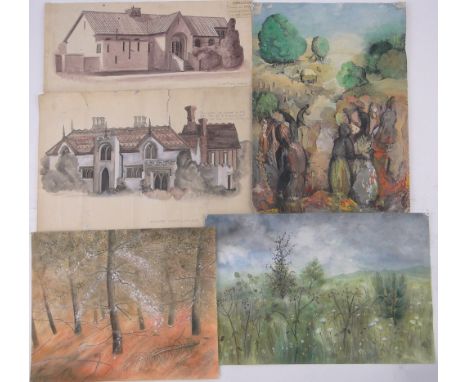 A folio of drawings and prints, various artists.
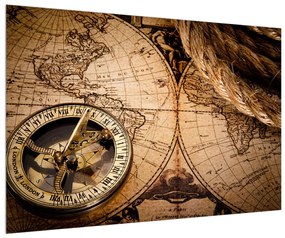 Historický obraz mapy sveta a kompasu (90x60 cm)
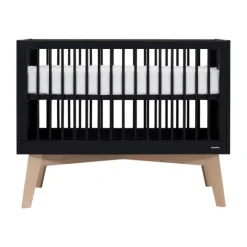 Kidsmill Sixties Babybed Zwart Mat / Naturel 60 x 120 cm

[Work item] Everything in the material goes into the copy exactly, except the images.

[Result below]
 A folio of drawings and prints, various artists.
 Historický obraz mapy sveta a kompasu (90x60 cm)
 Kidsmill Sixties Babybed Zwart Mat / Naturel 60 x 120 cm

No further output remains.